The New Yorker magazine says the US military has installed bricks that spy in some buildings in Tehran and scattered spying stones along rural roadways.
The eye-popping allegations appear in the latest article about the US response to Iran’s nuclear program by investigative reporter Seymour Hersh, one of a series of articles he has written in The New Yorker over the past several years.
Most of the article in the June 6 issue rehashes analyses and speculation reported over the years in the Iran Times and other publications.
The new assertions are confined to a few paragraphs in the middle of the article in which Hersh describes what he says are operations carried out over
Hersh implies, but does not directly state, that the US troops have been physically located inside Iran. He says the American soldiers, “working with Iranian intelligence assets, put in place cutting edge surveillance techniques.” That could mean the Iranian hires did the work inside Iran rather than the US soldiers, but Hersh does not make that clear. In earlier articles in past years he said US troops had gone inside Iran.
Hersh says, “Street signs were surreptitiously removed in heavily populated areas of Tehran—say, near a university suspected of conducing nuclear enrichment—and replaced with similar-looking signs implanted with radiation sensors.
“American operatives, working undercover, also removed bricks from a building or two in central Tehran that they thought housed nuclear enrichment activities and replaced them with bricks embedded with radiation-monitoring devices.”
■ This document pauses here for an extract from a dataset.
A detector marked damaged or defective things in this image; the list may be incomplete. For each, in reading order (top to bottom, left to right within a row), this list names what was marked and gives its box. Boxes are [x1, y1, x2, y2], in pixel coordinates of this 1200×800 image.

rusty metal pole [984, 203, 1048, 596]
Hersh continues with this James Bond-style description. “High-powered sensors disguised as stones were spread randomly along roadways in a mountainous area where a suspected weapon site was under construction. The stones were capable of transmitting electronic data on the weight of the vehicles going in an out of the site; a truck going in light and coming out heavy could be hauling dirt—crucial evidence of excavation work.”
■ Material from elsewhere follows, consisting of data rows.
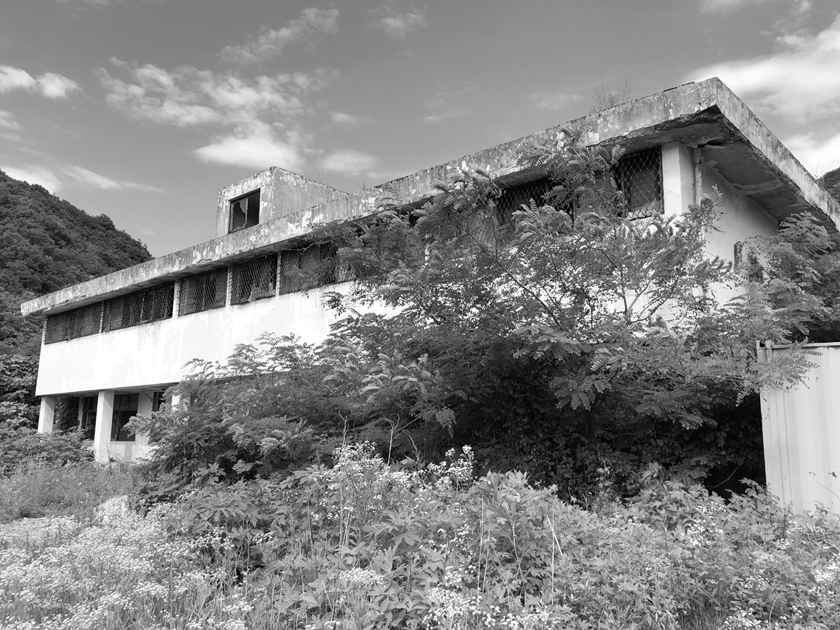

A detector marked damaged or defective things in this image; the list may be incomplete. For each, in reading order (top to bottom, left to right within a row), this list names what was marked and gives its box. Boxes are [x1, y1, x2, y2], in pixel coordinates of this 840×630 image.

broken window [612, 148, 660, 220]
broken window [228, 191, 260, 236]
broken window [44, 302, 102, 346]
broken window [102, 284, 174, 334]
broken window [179, 270, 228, 316]
broken window [230, 256, 278, 308]
broken window [278, 246, 352, 298]
broken window [110, 396, 138, 444]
Hersh also speaks of “constant” satellite surveillance of suspect sites in Iran, but doesn’t conclude that satellite photos would identify construction areas much better than stone transmitters and would provide much more information about the construction site as well.
The general theme of the article is that US intelligence has not found any hard evidence of any of any Iranian program to build a nuclear weapon. That is, however, what the US intelligence agencies have been saying for the past four years.